[Dataset excerpts]
▬▬▬▬▬▬▬▬▬▬

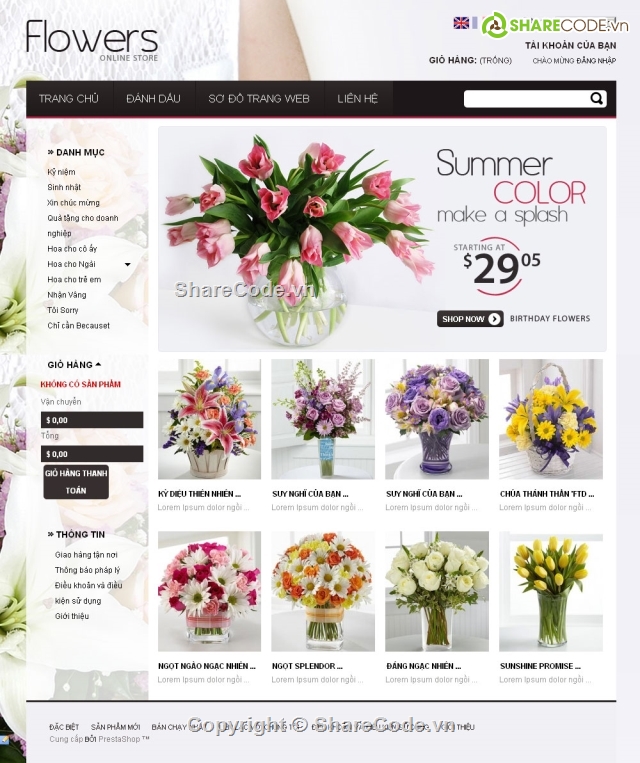 template website,Code forum,flowerShop,Desgin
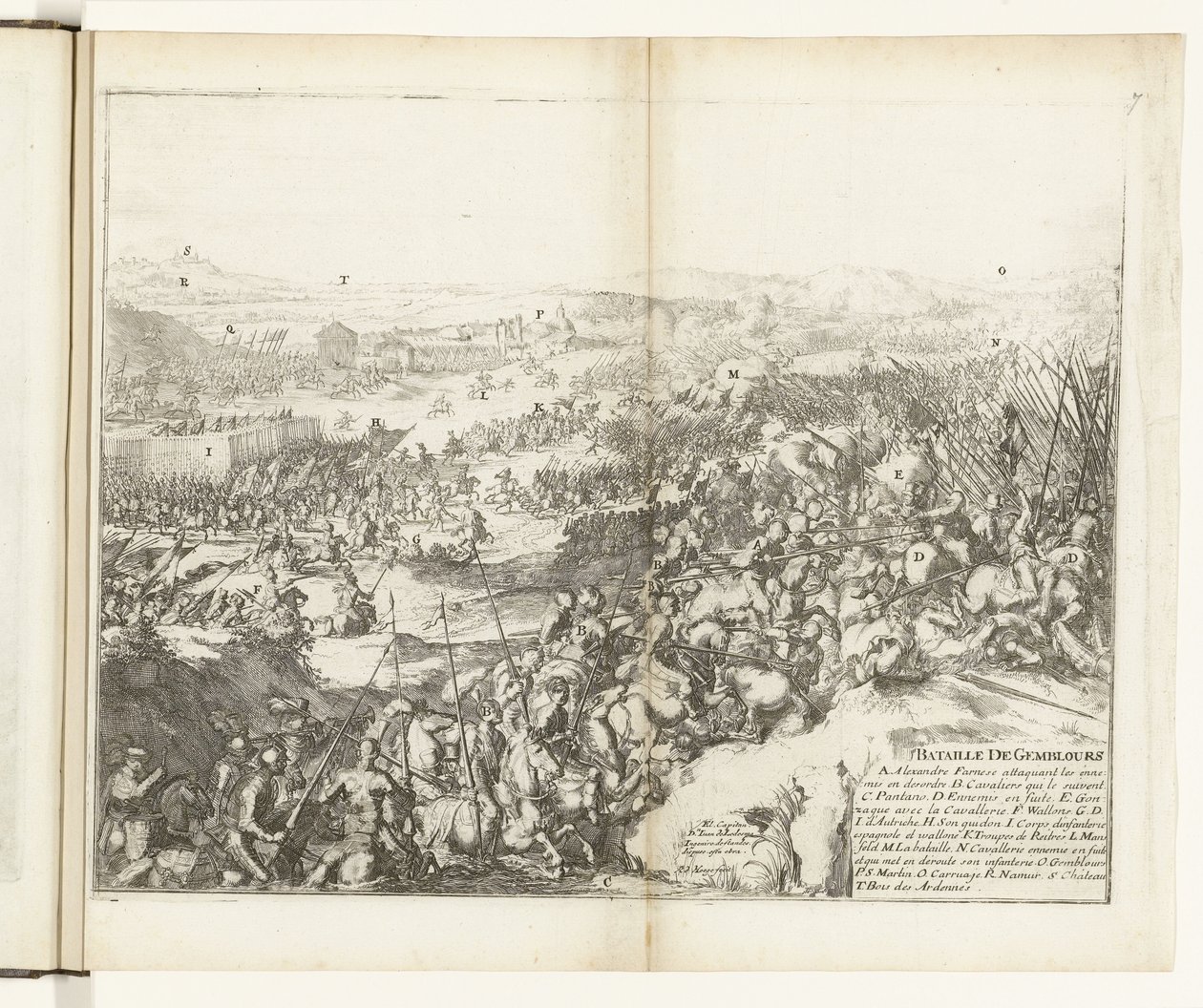 Cüruf bij Gemblours, 1578 Gemblours Savaşı (nesne üzerindeki başlık) Flanders Savaşları (dizi başlığı) by Romeyn de Hooghe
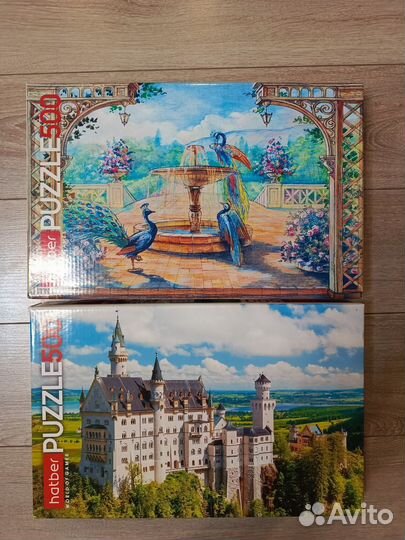 Пазлы 500, 600 деталей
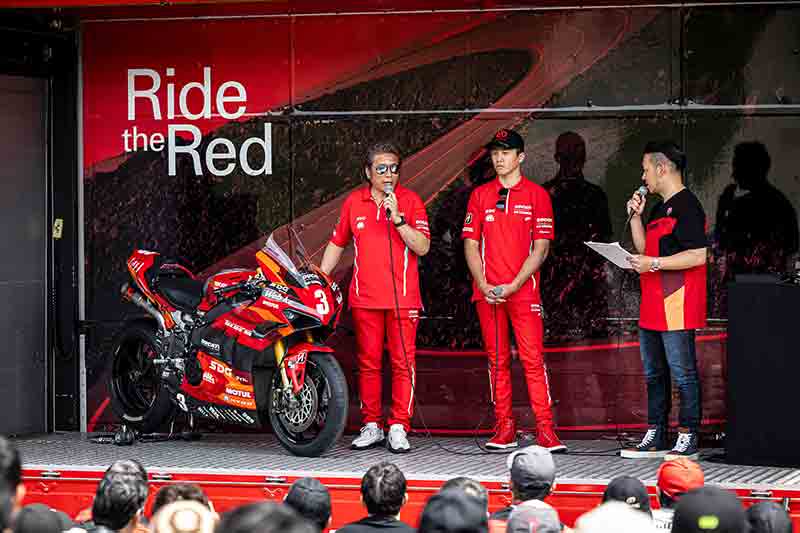 【ドゥカティ】ポルシェ・エクスペリエンスセンター東京で開催されたイベント「Ducati Day 2024」のレポートを公開 記事3
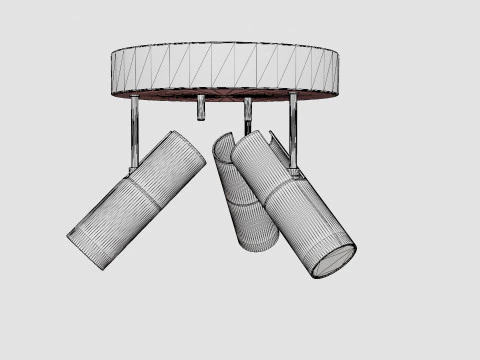 Puls Ceiling Spot Lamp 3D Model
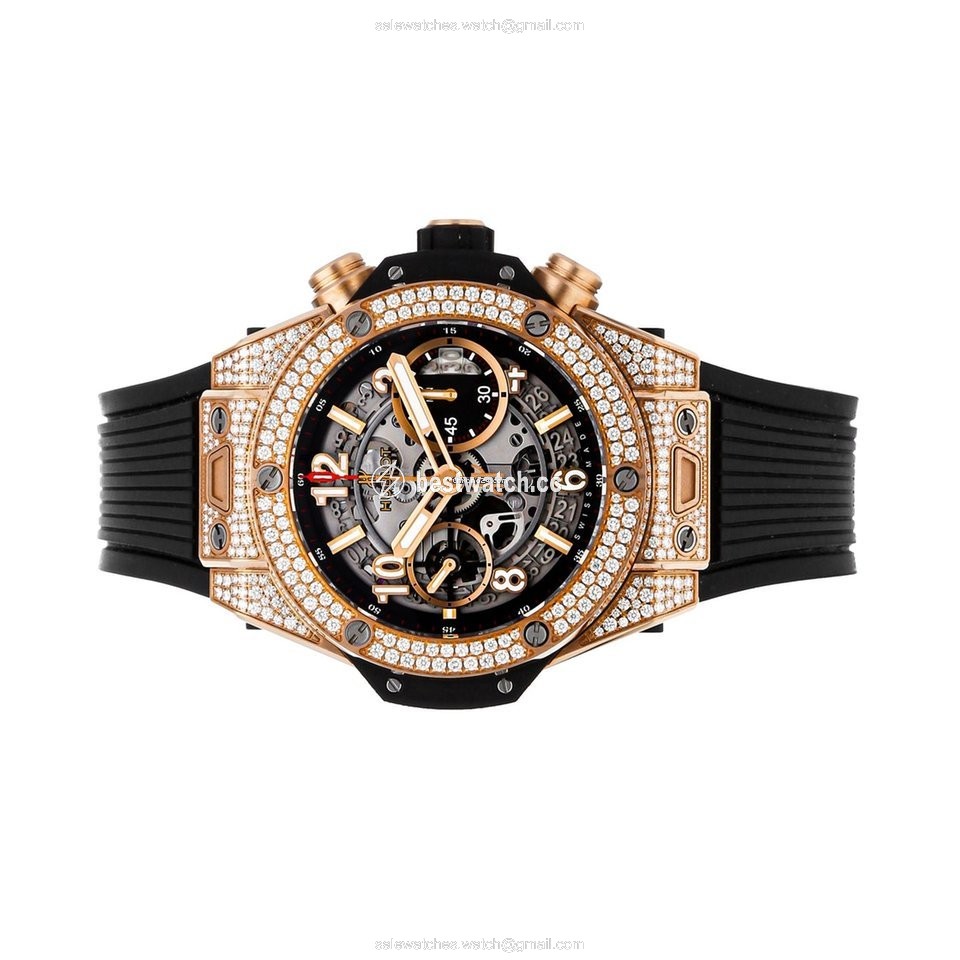 Hublot Big Bang Unico Mens watch Unisex Automatic Rose gold 441.OX.1181.RX.1704 Replica 2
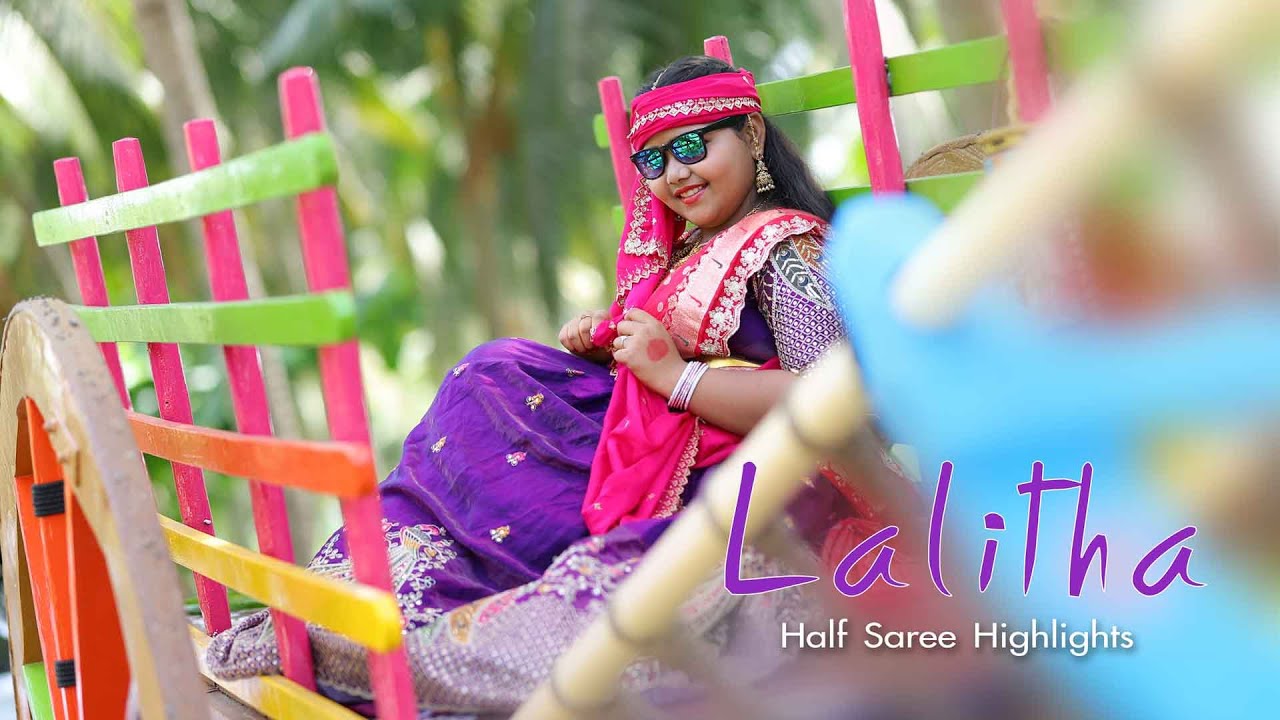 Lalitha Half Saree Pree Shoot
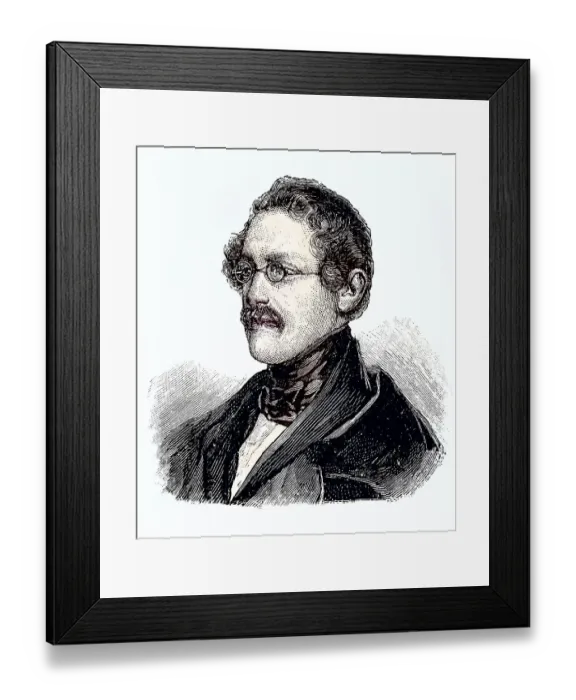 Framed Print : Anton Alexander Graf von Auersperg Framed Print : Anton Alexander Graf von Auersperg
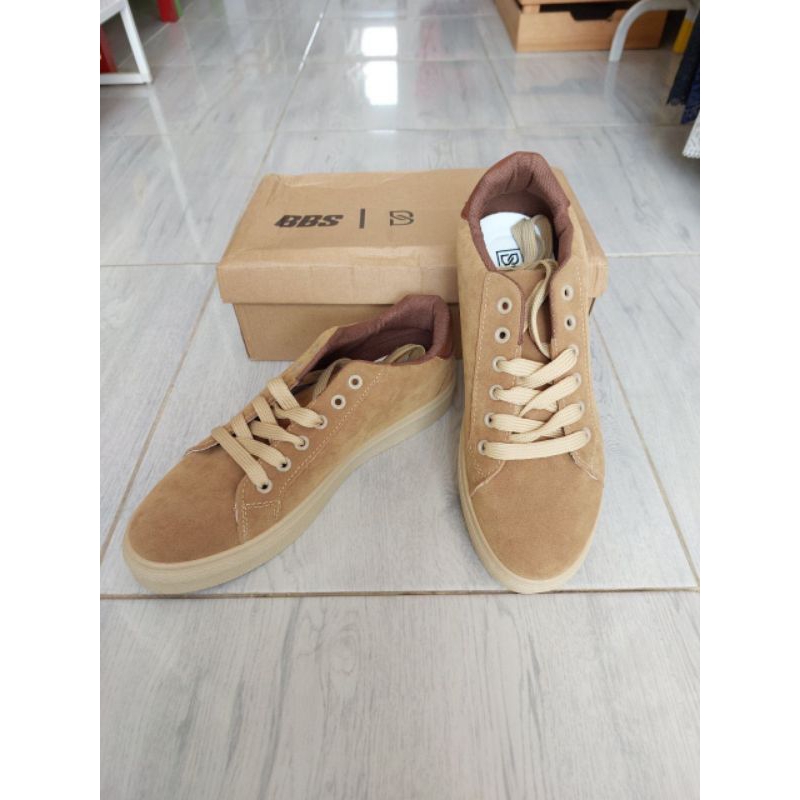 Berrybenka Sepatu Sneakers Pria Solbrow Low Ankle Sneaker Brown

▬▬▬▬▬▬▬▬▬▬

How would the lines above read from the one with "Day 2024」のレポートを公開 記事3" to the one with "Lalitha Half Saree Pree Shoot", inclusive, with no pictures? Write them out exactly.

* [Answer box]:
 【ドゥカティ】ポルシェ・エクスペリエンスセンター東京で開催されたイベント「Ducati Day 2024」のレポートを公開 記事3
 Puls Ceiling Spot Lamp 3D Model
 Hublot Big Bang Unico Mens watch Unisex Automatic Rose gold 441.OX.1181.RX.1704 Replica 2
 Lalitha Half Saree Pree Shoot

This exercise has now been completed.